Прежде, чем продолжить анализ, стоит выполнить недавнее обещание, вкратце обсудив причины, по которым типологически четвертые элементы зачастую демонстрируют удивительную политическую стойкость, в том числе вопреки исходным раскладам сил. В качестве рабочих используем примеры русских большевиков в Гражданской войне, конфликта крошечной Чечни с огромной РФ или движения "Талибан" в Афганистане. Выводы нетрудно распространить и на другой материал.
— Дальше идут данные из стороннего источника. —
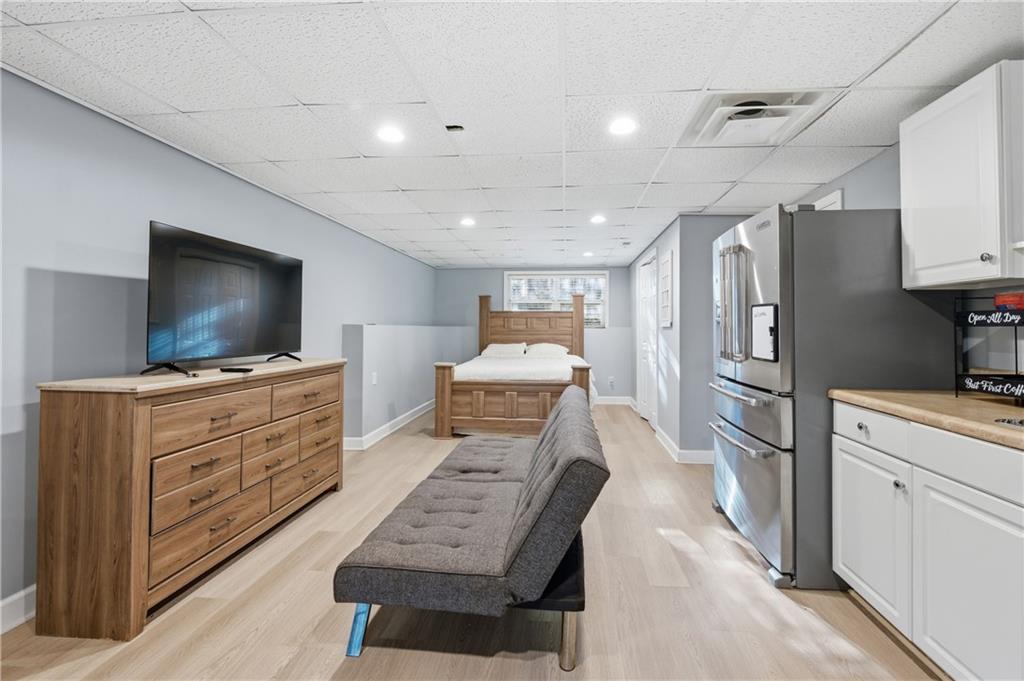 20 Miners Point Acworth, GA 30102 - Photo 18 of 21 a kitchen with stainless steel appliances kitchen island granite countertop a refrigerator and cabinets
По-прежнему придерживаемся гипотезы, что в эпоху масс главным творцом истории, возникающих политических форм являются упомянутые массы, причем по-школьному образованные и, значит, проникнутые элементарной логикой. Пусть, далее, некий регион – будь то страна или блок – по каким-то причинам приходит в движение, массы вдохновляются теми или иными идеями и, что более важно, усваивают, что от них на деле многое зависит. В когнитивном плане это означает формирование активного актора,(15) или "субъекта", который отныне встроен в "объективную" политическую реальность. Подобная ситуация – см. раздел 1.4.1 – подталкивает к утверждению кватерниорного стереотипа, последний получает дополнительную подпитку, если уже есть, чему подражать.